The 3 1/2 hour feast and session consisted of four panel discussions involving Minneapolis police officers, local county and city law enforcement officers, local Indian high school students and local Indian cultural leaders. It was funded by the Beltrami County Family Services Collaborative.
According to Haines, enforcement against gang activity in Bemidji is a recent movement, but it has to be taken more serious soon because the activity is escalating.
In the last year in Bemidji, there have been two car-jackings -- one at knifepoint and one at gunpoint -- shootings and even a discovery by the Police Department of a crack house operation, and all of these crimes are believed to be gang related, Haines said.
In addition, he said there have been two known gang members who have been arrested for various crimes in the Bemidji area, but both arrests were incidents of luck.
The first was put away on criminal sexual charges because he was having sex with local teen-age girls who were being initiated into a gang. It is known as being "loved" into the gang, Haines said. The second gang member was arrested for allegedly operating a "crack house" on Irvine Avenue, but the police were only able to arrest him after investigating the house after a freak shooting incident.
"That's here in Bemidji. It's here. ... It's here," he said. "We can't put the blinders on any more. We've got (gang activity). And there's a snowball effect in town."
Haines said in the last six months, the Police Department has begun to track youths involved in gang activity, but as for gang prevention activities, there are none yet.

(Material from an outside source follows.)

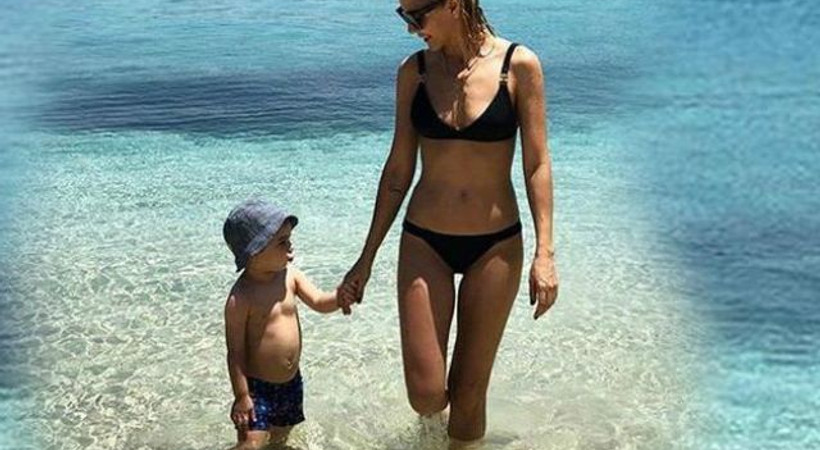 Ece Erken 'sansür' iddiasına kızdı, bikinili pozunu paylaştı!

Terri Gunsalus, the recently appointed school liaison officer for the Beltrami County Sheriff's Department, said her office has not been able to identify gang activity in the rural parts of the county as easy as in Bemidji. But she said she does believe it is happening.
"I'm happy with this area. We have a lot of criminal behavior (occurring), but it's not as bad as it is in the Twin Cities," she said. "But I'm still scared of it, and I don't want it here."
When Gunsalus begins her new position as school liaison officer this fall, she said the only way to curb gang activity is for students to tell authorities about gang behavior. Otherwise, the Sheriff's Office will not be able to do a thing about it.
After the presentation by the panels, the parents were also asked to sign an "absolutely no tolerance" petition toward gang behavior in the school district, and the session's facilitator, Jim Brown, announced he also will ask governing bodies at the county, city and school district level to ratify the petition.